Le système de recrutement russe rencontre des difficultés
Mais selon une analyse de l’Institut américain Institute for the Study of War (ISW), ce paquet législatif marque un «changement stratégique profond». Il crée une base juridique pour déployer des réservistes à l'étranger, y compris sans mobilisation officielle ni déclaration de guerre, par exemple en Ukraine.
En étendant la conscription à toute l'année, le Kremlin crée également à long terme de nouvelles réserves: après leur service, les conscrits passent automatiquement dans la réserve et pourraient à l'avenir être mobilisés eux aussi.

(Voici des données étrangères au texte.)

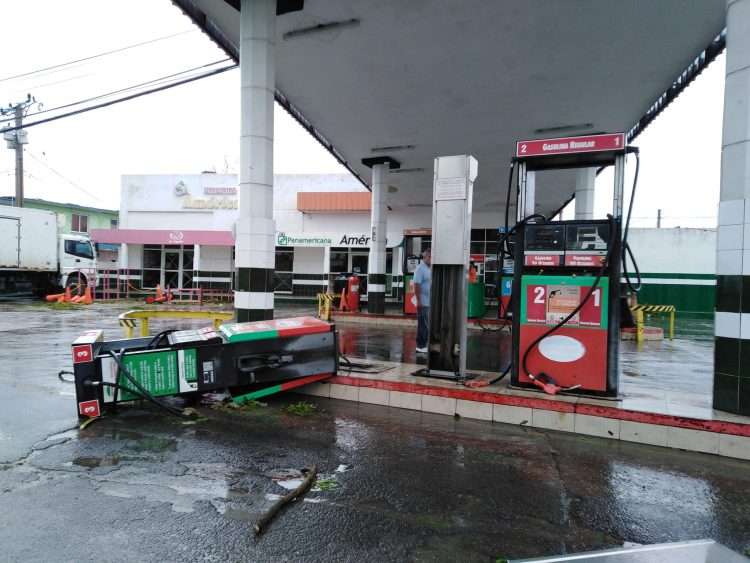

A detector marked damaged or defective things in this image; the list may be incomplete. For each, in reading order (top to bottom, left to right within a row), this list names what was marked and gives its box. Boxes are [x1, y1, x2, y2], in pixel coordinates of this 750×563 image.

cracked asphalt [1, 302, 750, 560]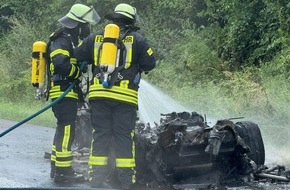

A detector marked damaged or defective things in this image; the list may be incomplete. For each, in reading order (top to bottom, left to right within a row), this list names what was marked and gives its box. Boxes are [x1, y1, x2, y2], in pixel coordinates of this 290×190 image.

fire damage [45, 104, 290, 189]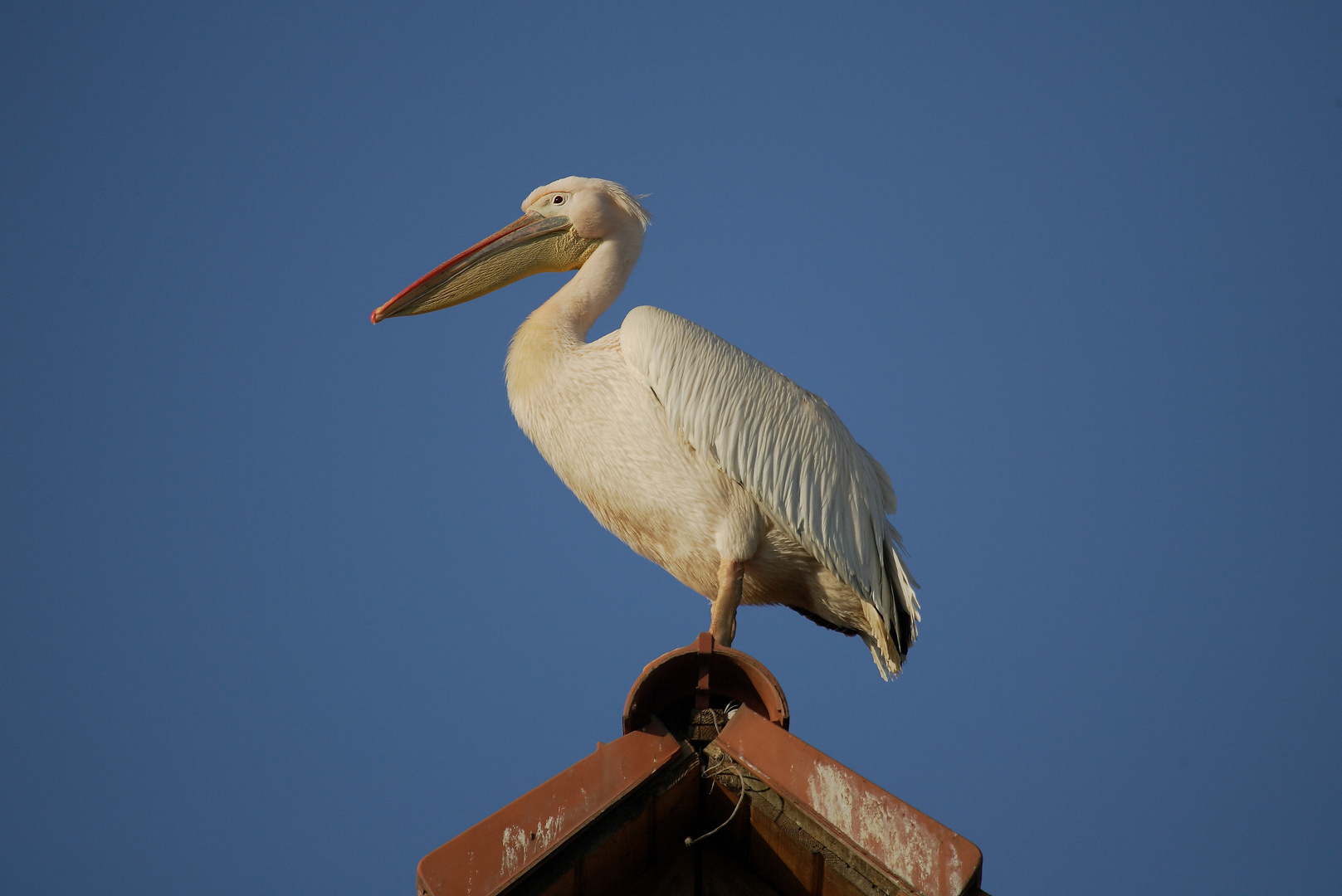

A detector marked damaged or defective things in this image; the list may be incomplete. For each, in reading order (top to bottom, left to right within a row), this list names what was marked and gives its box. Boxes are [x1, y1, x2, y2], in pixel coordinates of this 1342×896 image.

rusty metal roof [413, 634, 989, 896]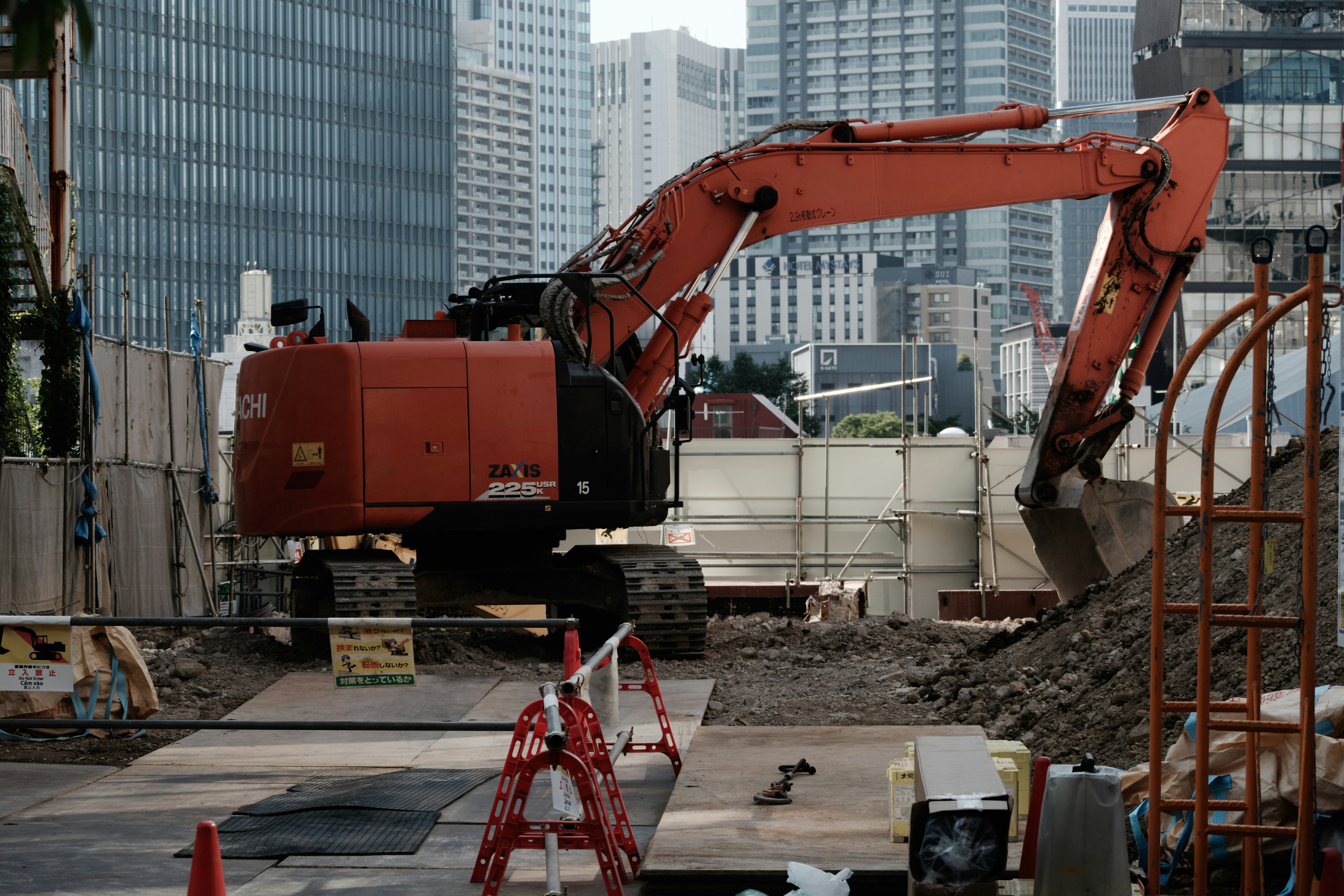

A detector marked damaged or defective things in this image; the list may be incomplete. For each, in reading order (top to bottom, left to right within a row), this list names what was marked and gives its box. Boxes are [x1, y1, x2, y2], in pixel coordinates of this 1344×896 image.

rusty metal pole [47, 11, 71, 291]
rusty metal pole [1236, 246, 1268, 896]
rusty metal pole [1295, 233, 1328, 896]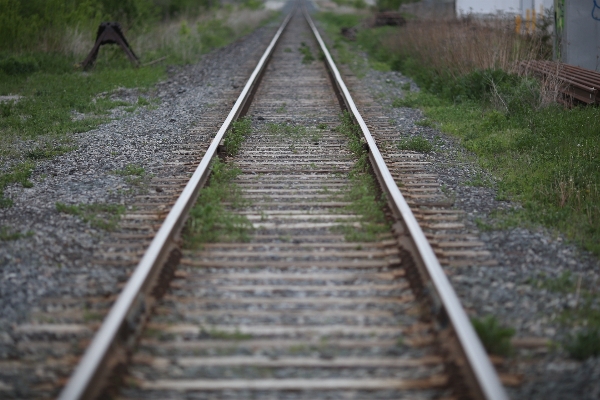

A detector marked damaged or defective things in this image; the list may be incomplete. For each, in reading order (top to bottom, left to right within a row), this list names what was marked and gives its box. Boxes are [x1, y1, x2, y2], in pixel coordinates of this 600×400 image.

rusty metal object [372, 11, 406, 27]
rusty metal object [80, 22, 140, 69]
rusty metal object [520, 59, 600, 105]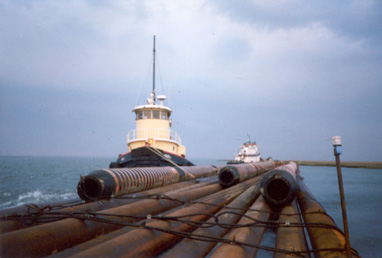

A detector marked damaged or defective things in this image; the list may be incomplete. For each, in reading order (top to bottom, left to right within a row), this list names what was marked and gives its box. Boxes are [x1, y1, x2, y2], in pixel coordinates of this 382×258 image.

rusty metal pipe [0, 182, 224, 256]
rusty metal pipe [77, 165, 218, 200]
rusty metal pipe [69, 175, 262, 258]
rusty metal pipe [161, 182, 262, 256]
rusty metal pipe [209, 196, 272, 258]
rusty metal pipe [218, 159, 278, 187]
rusty metal pipe [260, 161, 298, 208]
rusty metal pipe [274, 200, 310, 256]
rusty metal pipe [296, 171, 352, 258]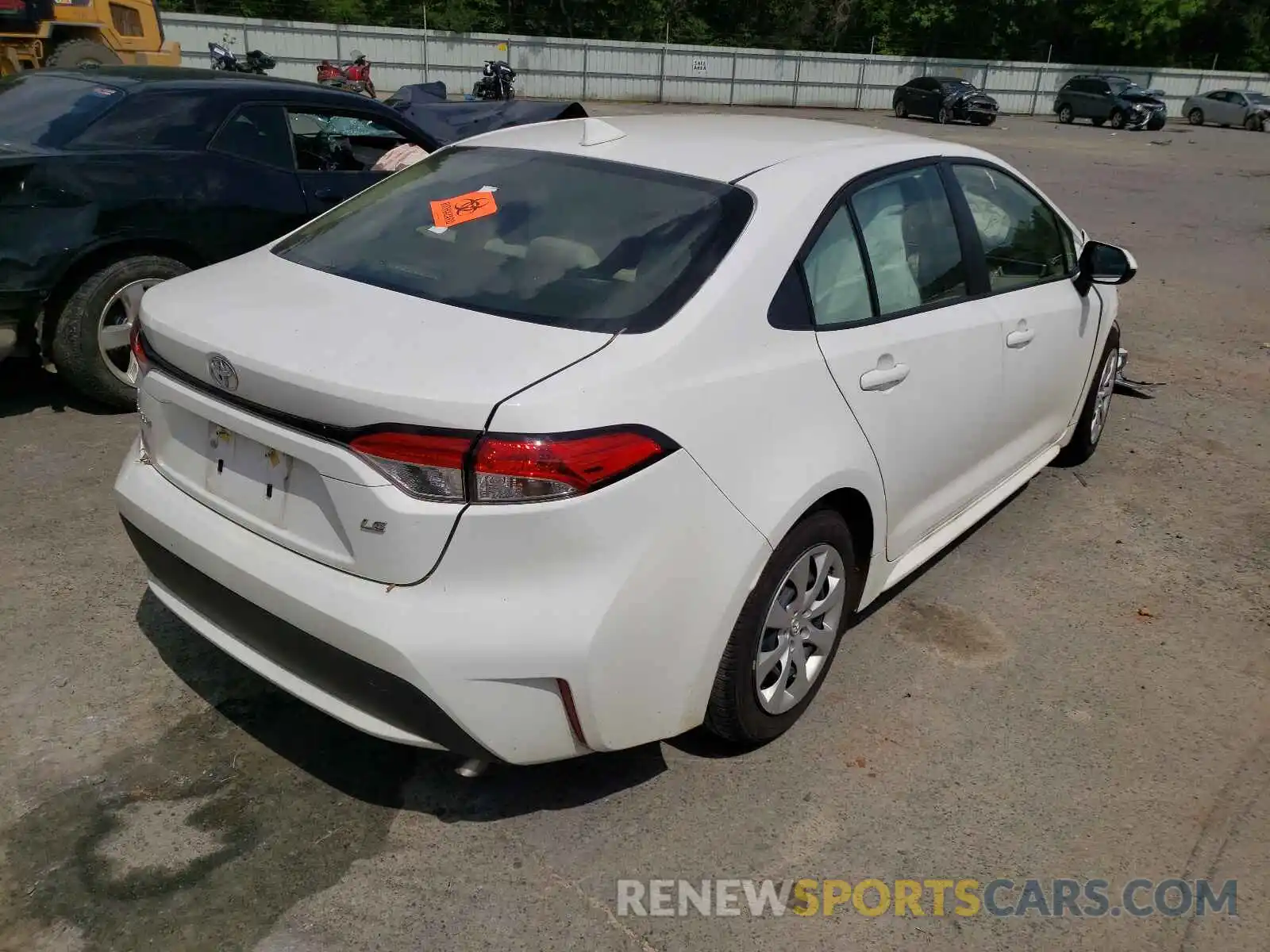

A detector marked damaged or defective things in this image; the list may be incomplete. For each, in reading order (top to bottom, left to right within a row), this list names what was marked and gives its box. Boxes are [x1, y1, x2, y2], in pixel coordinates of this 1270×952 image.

wrecked vehicle [0, 68, 441, 403]
wrecked vehicle [895, 76, 1003, 126]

L'ISW met en garde: le Kremlin prépare une mobilisation obligatoire progressive. Le modèle actuel de Poutine — verser de fortes primes pour recruter — est trop coûteux et inefficace. Les nouvelles lois permettent désormais de préparer des réservistes à des missions de combat, y compris à l'étranger, sous couvert de «rassemblements spéciaux», sur une période de deux mois.
Cette mobilisation doit rester officiellement volontaire, mais elle pourrait en réalité devenir obligatoire par le biais de contrats. Les membres de formations irrégulières, comme les cosaques ou les groupes de mercenaires poussés depuis 2023 à signer des contrats réguliers, pourraient également être concernés.
Toujours plus de soldats dans l'armée russe
Parallèlement, la nouvelle loi autorise les réservistes à obtenir des grades militaires sans avoir suivi d'exercices préalables. L'ISW y voit une tentative de réduire la durée de formation afin d'envoyer plus rapidement du personnel au front.
Le système de la soi‑disant réserve de combat (BARS) pourrait également être placé sous un contrôle centralisé plus strict. Jusqu'ici, de nombreuses unités dépendaient de structures locales. Dorénavant, elles devraient relever directement de l'état-major dirigé par le ministre de la Défense, Andrei Beloussov.
Selon l'ISW, un nouvel ordre de mobilisation massive comme en 2022 est actuellement peu probable. Mais les changements législatifs permettent au Kremlin de mobiliser continuellement de nouvelles recrues, sans appel officiel et à moindre coût. L'apparence d'une armée professionnelle entièrement volontaire peut ainsi être maintenue. Les voix critiques craignent toutefois que ce nouveau cadre juridique autorise le Kremlin à étendre ses capacités militaires dans la guerre en Ukraine de manière discrète mais efficace.